And an email from them has just arrived saying so.


----------



## snuffy (Mar 26, 2014)

I had an email on Saturday saying they would pay me my refund to card XYZ within 14 days and yesterday it arrived.


----------



## escossie (Apr 8, 2016)

I did as well & hopefully getting £125 excess back for replacement windscreen on our Kuga.


----------



## SKNAM (Nov 30, 2018)

Just checked and got mine too - I wonder how many other insurance companies are going to follow suit and do this?


----------



## snuffy (Mar 26, 2014)

snuffy said:


> Insurance Company : Admiral
> Your Age : 51
> No Claims Bonus : 24 years
> Points on licence : 0 points
> ...


Insurance Company : Admiral
Your Age : 52
No Claims Bonus : 25 years
Points on licence : 0 points
Claims in last 3 years : 0
Year of Car : 2011 (10 Plate)
Modifications on Policy: Exhaust & ECU. 600bhp declared & wrap
The Quote :£301

So £30 less than last year.

I should add all my figures are exclusive of IPT as this has a habit of continually going up each year making year on year comparisons harder (not that it has done over the last 12 months this time).


----------



## MAFFA (Dec 5, 2020)

Insurance Company : Admiral 
Your Age : 44
No Claims Bonus : 19yr although they max out at 9 nowadays
Convictions in the last 5 years: 0
Claims in last 5 years : 0
Year of Car : 2013
Mileage per year: 7000
Modifications on Policy: Exhaust & remap
The renewal :£588

Just moved from having an A45 AMG so this is my first R35 insurance policy. I’m happy with that tbh


Sent from my iPhone using Tapatalk


----------



## besty (Apr 10, 2009)

snuffy said:


> Insurance Company : Admiral
> Your Age : 52
> No Claims Bonus : 25 years
> Points on licence : 0 points
> ...


This looks really good. I'm assuming you're not in a big city ?


----------



## snuffy (Mar 26, 2014)

besty said:


> This looks really good. I'm assuming you're not in a big city ?


No.

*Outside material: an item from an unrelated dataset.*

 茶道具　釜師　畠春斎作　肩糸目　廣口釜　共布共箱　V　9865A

I'm about 5 miles north of Chester, on the south of the Wirral.

My other car is a 1.2L Fiat 500 (with 10 years NCD), also a 2011 car, and that's £160. An Amazon driver asked me about 2 weeks ago what my insurance for my GTR was and he almost fell over when I told him !


----------



## besty (Apr 10, 2009)

snuffy said:


> No. I'm about 5 miles north of Chester, on the south of the Wirral.
> 
> My other car is a 1.2L Fiat 500 (with 10 years NCD), also a 2011 car, and that's £160. An Amazon driver asked me about 2 weeks ago what my insurance for my GTR was and he almost fell over when I told him !


Birmingham is rather more expensive. I've had 7 cars stolen over the last 30 years....


----------



## TREG (May 20, 2004)

snuffy said:


> No. I'm about 5 miles north of Chester, on the south of the Wirral.
> 
> My other car is a 1.2L Fiat 500 (with 10 years NCD), also a 2011 car, and that's £160. An Amazon driver asked me about 2 weeks ago what my insurance for my GTR was and he almost fell over when I told him !

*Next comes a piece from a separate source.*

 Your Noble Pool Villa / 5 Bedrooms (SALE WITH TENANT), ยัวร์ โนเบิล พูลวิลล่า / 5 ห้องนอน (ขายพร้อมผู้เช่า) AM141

How many miles a year is that based on mate?


----------



## Terry67gtr (Jun 27, 2020)

Insurance Comapny : LV
Your Age : 54
No Claims Bonus : 9 *years ( 35 years)*
Points on liscence : *3 points*
Claims in last 3 years : none ( never had a claim )
Year of Car : *2010 *
Modifications on Policy: exhaust / remap / brakes /air filter’s
4000 miles a year Policy
The Quote :*£347 ( that’s £40 less than my A45 amg )*

I have a import Subaru Forester sti with them as well on multi car policy and i pay £542 for both.


----------



## matty32 (Dec 18, 2005)

Anything around an my15 or earlier is going to be sub £500

my previous 35 was my14, I’m in my 30s , quote was £494 fc 

my20 is more & insistence on tracker


----------



## besty (Apr 10, 2009)

matty32 said:


> Anything around an my15 or earlier is going to be sub £500
> 
> my previous 35 was my14, I’m in my 30s , quote was £494 fc
> 
> my20 is more & insistence on tracker


Any value over £75k seems to mean you have to have a Tracker


----------



## matty32 (Dec 18, 2005)

All my gtrs have them, it’s essential these days


----------



## besty (Apr 10, 2009)

matty32 said:


> All my gtrs have them, it’s essential these days


I'd rather stop the car being taken... Thats why I have a Ghost.


----------



## MAFFA (Dec 5, 2020)

besty said:


> I'd rather stop the car being taken... Thats why I have a Ghost.


Getting mine done the day it gets back from the detailer 


Sent from my iPhone using Tapatalk


----------



## matty32 (Dec 18, 2005)

There’s issues with Ghost, which I’m not going into on this forum.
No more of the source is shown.